Let me catch people up. The SYCL code seems to be functional finally, now that I fixed the very-very silly mistake that I made while translating it from CUDA. I can now reliably run the CKF unit test on our NVIDIA and AMD GPUs.

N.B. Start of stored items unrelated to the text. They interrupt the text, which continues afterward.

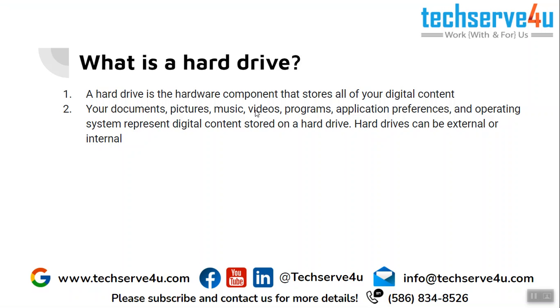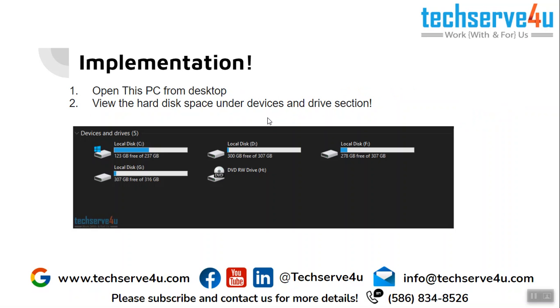Everything that you have on your computer is stored on a hard drive and it can be external and it can be internal. To learn more you can come back here later.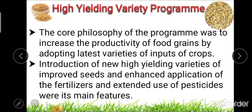The core philosophy of this program was to increase the productivity of food grain by adopting the latest varieties of input of a crop — that is, by using different high-yielding varieties of crops.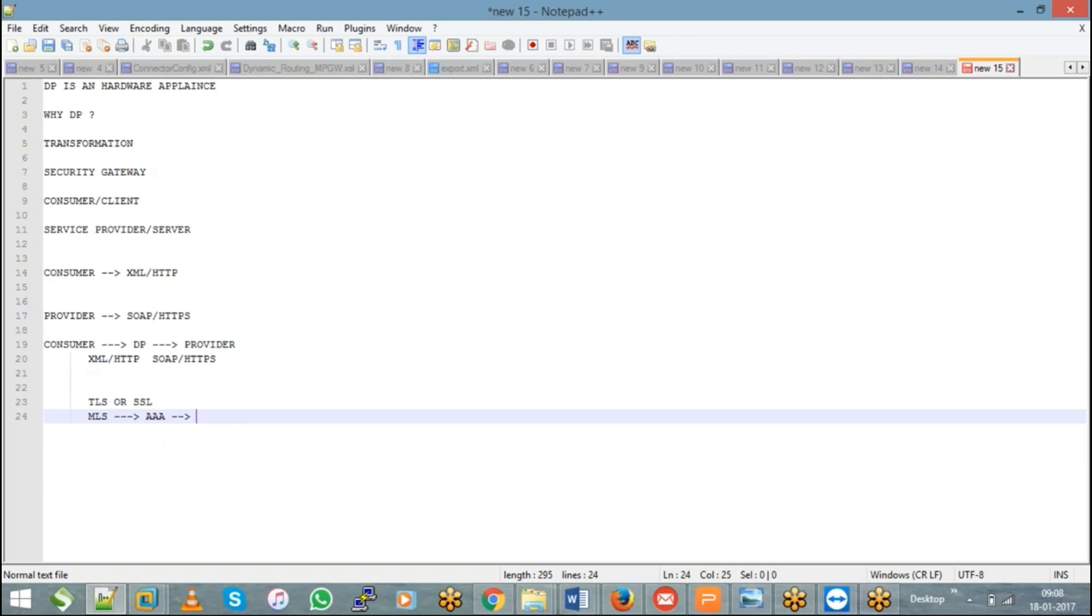Okay, so because of this protocol conversion capability, transformation capability, and that security features, DataPower has been widely used.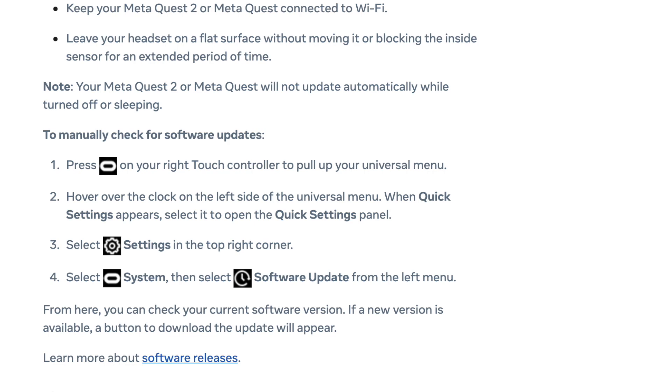Then you want to click on the settings panel that's in the top right corner. You then want to click on your Oculus system and then select the software update panel that's on the left side of the menu. From there, you can see if there's an update available and update your specific headset.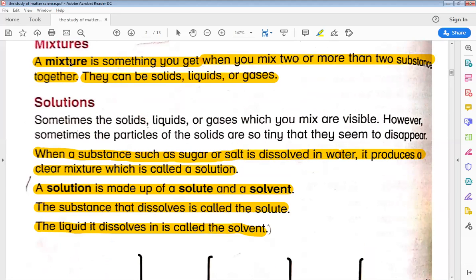Okay, what is a mixture? A mixture is something that we make by mixing two or more substances together. The substances we mix in a mixture can also be solid, liquid, and gases.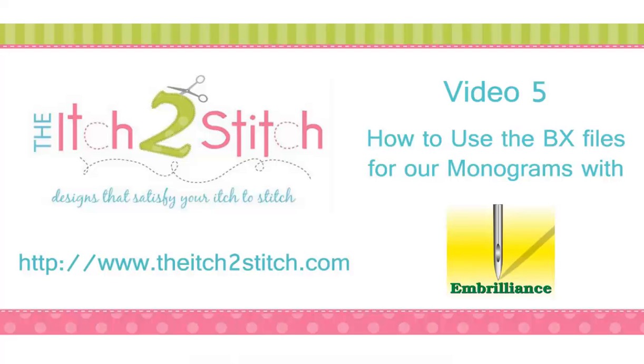Hi, this is Janae with The Itch to Stitch. In this video, I will demonstrate how to use the BX files for some of our monogram fonts with free software from Embrilliance.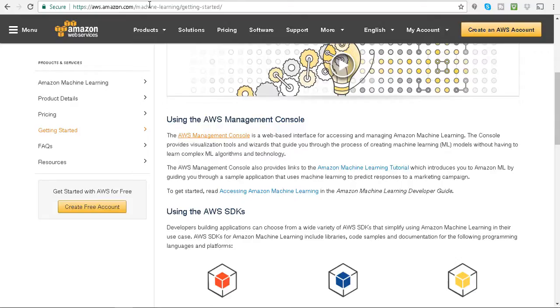And that pretty much led me to here. Then I just clicked on AWS Management Console.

[bash][pcadp04]:traccc > ./build-sycl-nvidia/bin/traccc_test_sycl --gtest_filter="*Ckf*"
Running main() from /mnt/hdd1/krasznaa/projects/traccc/build-sycl-nvidia/_deps/googletest-src/googletest/src/gtest_main.cc
Note: Google Test filter = *Ckf*
[==========] Running 3 tests from 1 test suite.
[----------] Global test environment set-up.
[----------] 3 tests from SYCLCkfToyDetectorValidation/CkfToyDetectorTests
[ RUN      ] SYCLCkfToyDetectorValidation/CkfToyDetectorTests.Run/0
Created test queue on device: NVIDIA RTX A5000
WARNING: No entries in volume finder

Detector check: OK
[       OK ] SYCLCkfToyDetectorValidation/CkfToyDetectorTests.Run/0 (895 ms)
[ RUN      ] SYCLCkfToyDetectorValidation/CkfToyDetectorTests.Run/1
Created test queue on device: NVIDIA RTX A5000
WARNING: No entries in volume finder

Detector check: OK
[       OK ] SYCLCkfToyDetectorValidation/CkfToyDetectorTests.Run/1 (4840 ms)
[ RUN      ] SYCLCkfToyDetectorValidation/CkfToyDetectorTests.Run/2
Created test queue on device: NVIDIA RTX A5000
WARNING: No entries in volume finder

Detector check: OK
[       OK ] SYCLCkfToyDetectorValidation/CkfToyDetectorTests.Run/2 (4821 ms)
[----------] 3 tests from SYCLCkfToyDetectorValidation/CkfToyDetectorTests (10557 ms total)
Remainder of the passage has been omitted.